Now, I know we’ve got Fair Park in here, because that’s brand new. The mayor called a special press conference in the lobby of City Hall just two weeks ago to say that turning Fair Park over to his friend Walt Humann was the most important thing the city could do to remember the five police officers slain on our streets downtown on July 7. He called it a “catalytic mechanism.”
Missing. But there’s a note: “Not done yet.” OK, that one’s not my fault.
What about police pay? The mayor just discussed that one earlier this week.
“I'm thrilled we're all aligned,” he said last Tuesday. “We love our police and fire and want to give them raises.”
Also not done yet, but at least it’s not totally AWOL. Yet.
OK, I think I see what’s been going on here. In violation of every regulation for the storage and maintenance of top priorities, somebody has been checking out priorities without signing for them.
I try to tell them: “People, a priority is no good to anybody if you can’t put your hands on it when you need it.”

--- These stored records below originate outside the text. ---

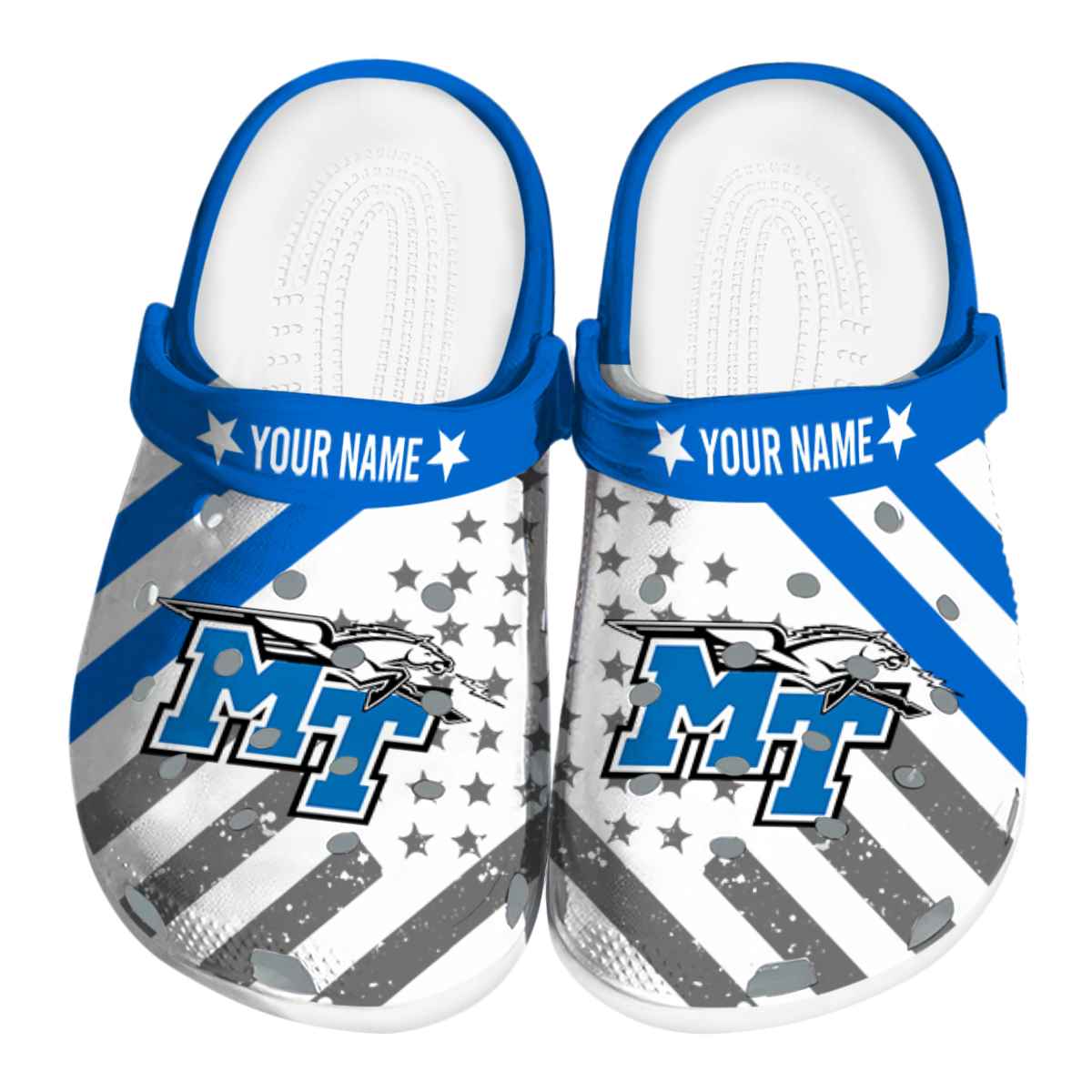 Middle Tennessee Blue Raiders NCAA Sport Crocs Crocband Clogs Shoes Comfortable For Men Women and Kids
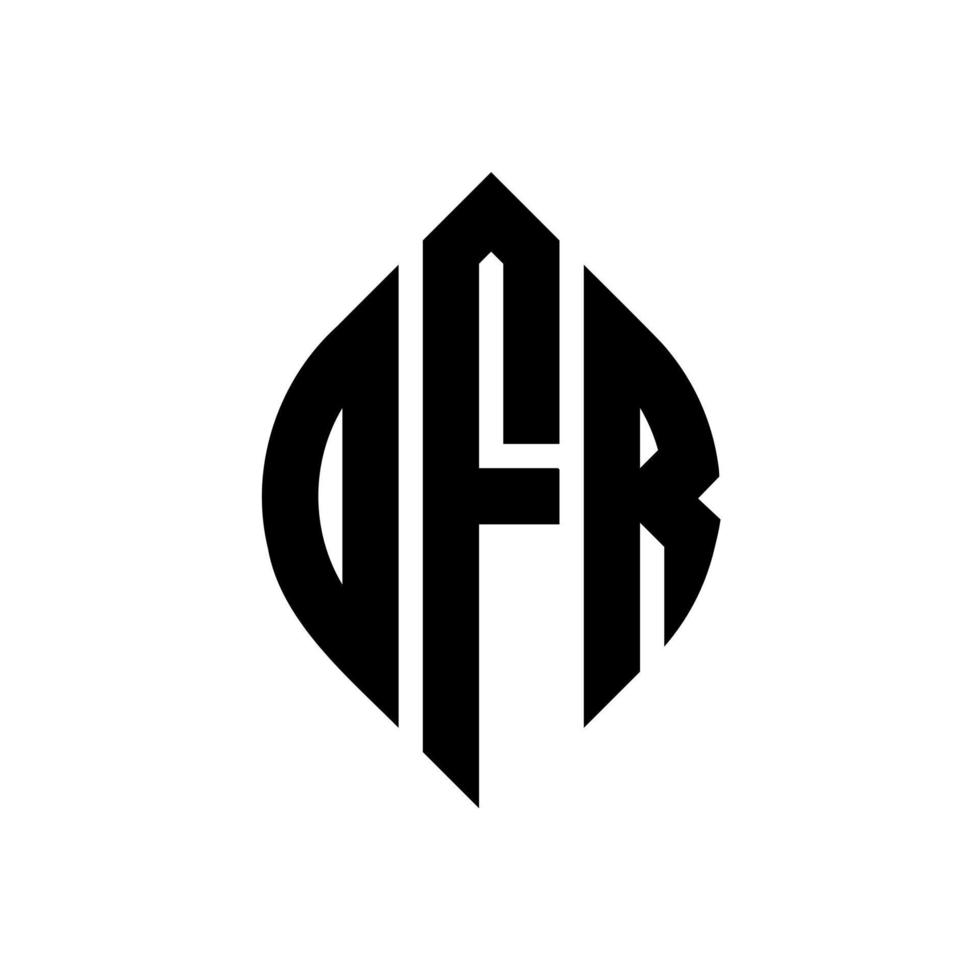 Ofr-Kreis-Buchstaben-Logo-Design mit Kreis- und Ellipsenform. ofr Ellipsenbuchstaben mit typografischem Stil. Die drei Initialen bilden ein Kreislogo. Ofr-Kreis-Emblem abstrakter Monogramm-Buchstaben-Markierungsvektor. vektor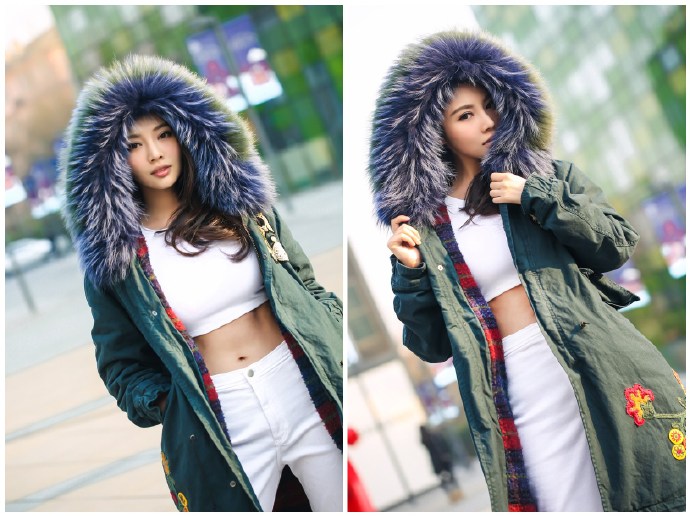 大嫂徐冬冬最新街拍,徐冬冬黑白羽绒服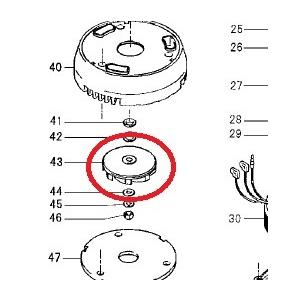 ハイスピンポンプLSR2.4S　インペラ（羽根車）（羽根車）（43）鶴見製作所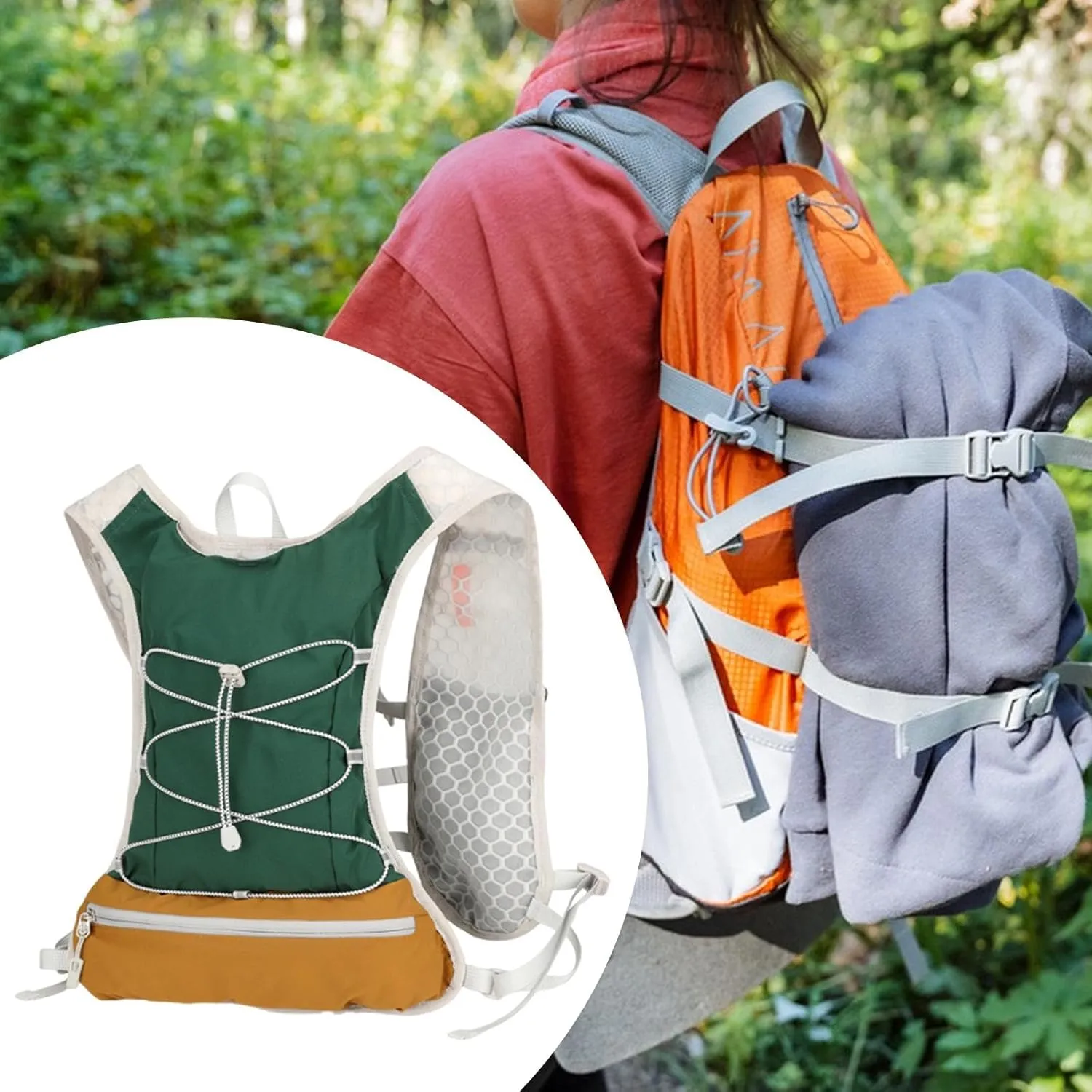 Women Men Running Vest Outdoor Sports Bag Portable Comfortable Adjustable Gear Hydration Vest Hydration Backpack for Trail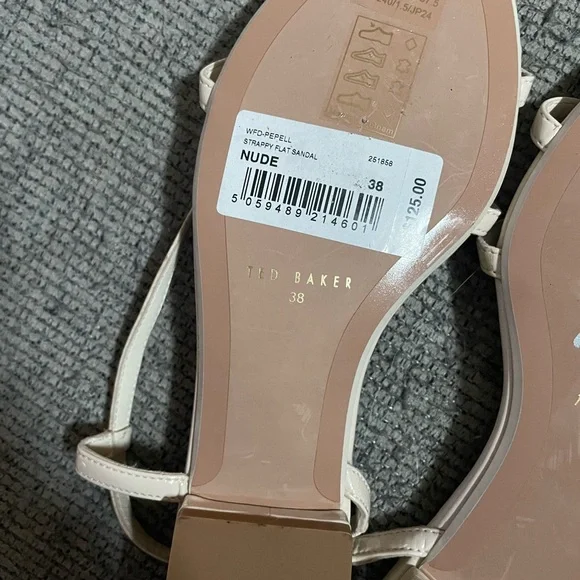 NWT Ted Baker London Nude Pepell Slingback Leather Sandals Size 7.5 Size 38 EU - Picture 7 of 9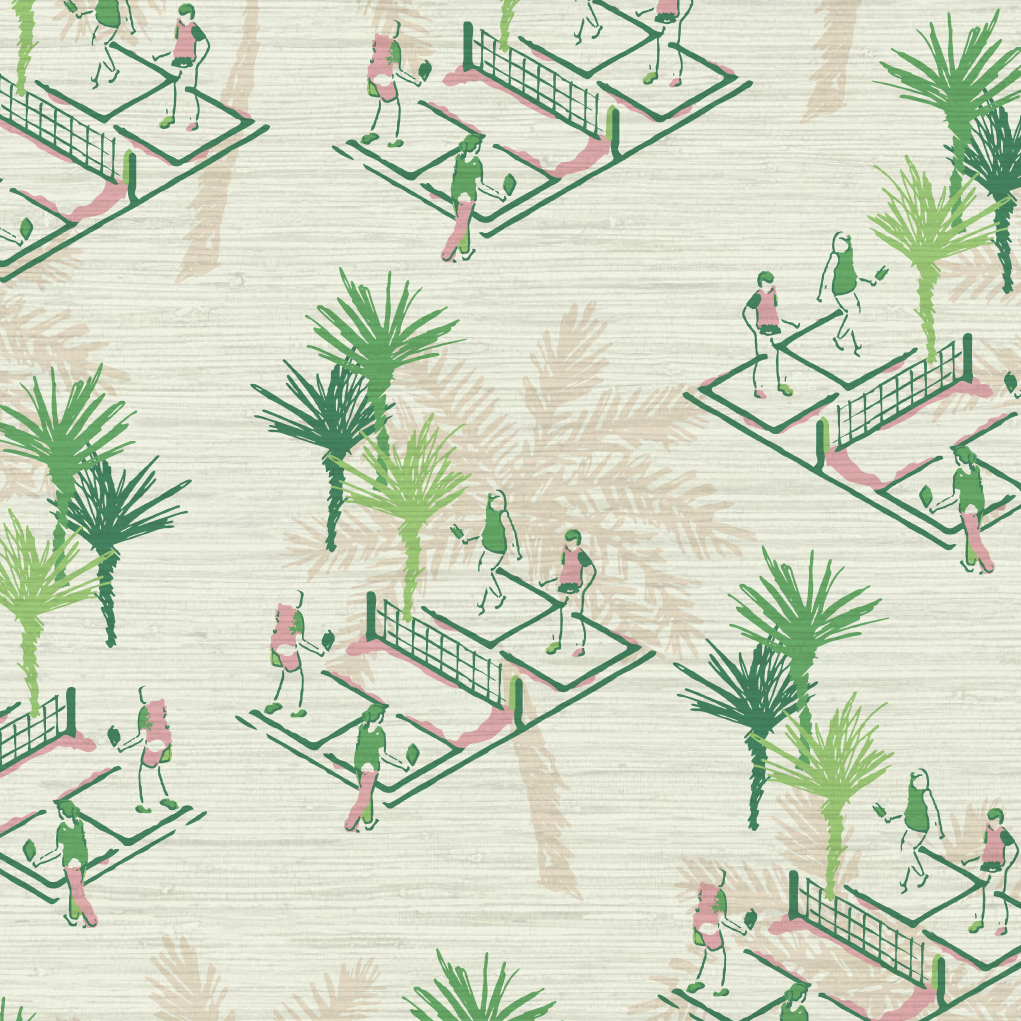 Ace of Pickles Pickleball Toile Wallpaper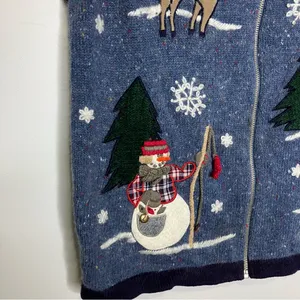 OHI vintage ugly Christmas sweater vest‎ winter rabbit hair women’s size medium thumbnail 2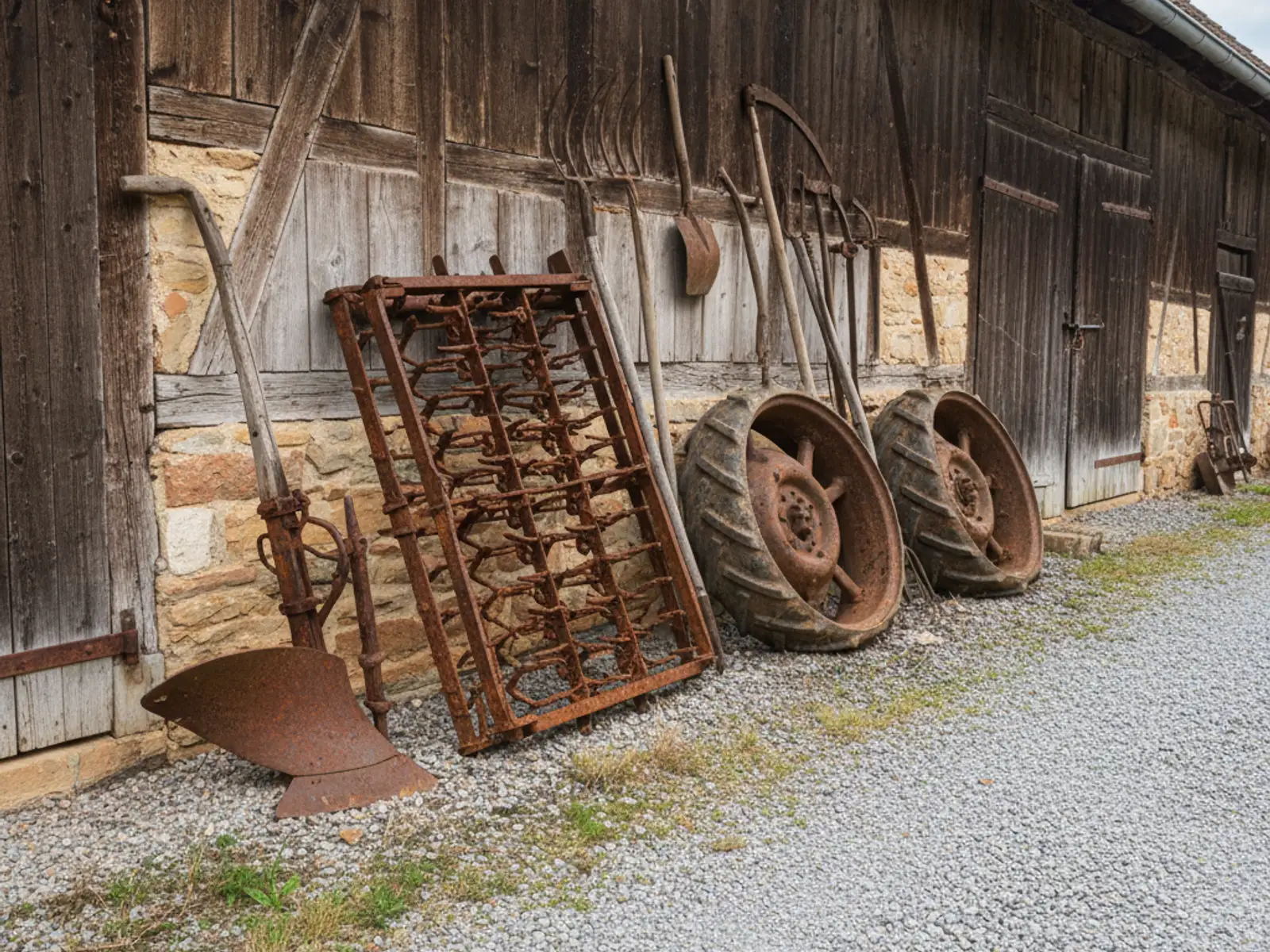 Ancien matériel agricole rouillé dans la cour d’une ferme alsacienne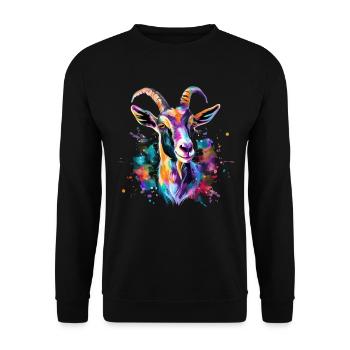 Ziege Geschenk - Unisex Pullover - Schwarz - Vorne - Alina (178cm) & Michal (187cm)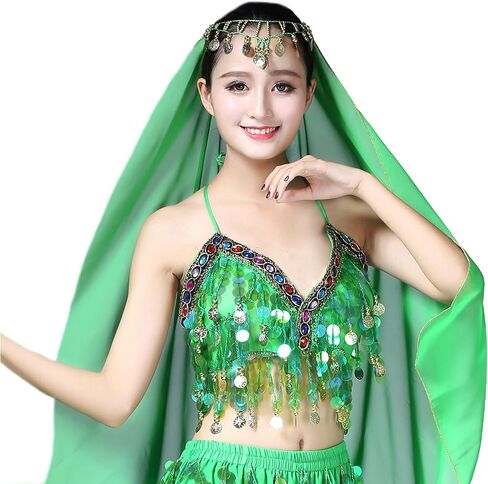 حمالة صدر نسائية مزينة بالترتر مع عملات معدنية للرقص الشرقي، حمالة صدر علوية، زي الهالوين الهذيان in Kuwait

This isn’t my job, but I’m going to have to take my apron off, lock up the Priority Room and spend the whole day scouting around the factory to see if I can scare up some of these missing mayoral top priorities. If past experience is my guide, I will find most of them in the bathrooms and the lunch area.
These people. They hold their press conferences and announce their priorities, then they toss them aside somewhere, and that’s the last time they think about them. They never give a thought to me and my responsibilities. What am I supposed to tell the next person who needs a priority?
NOTE: Oh, great. Now people are texting me with additional missing priorities. Big one is home rule total school reform. Nope. Not where it belongs. From here on out, no one may remove a priority from the priority room without photo i.d.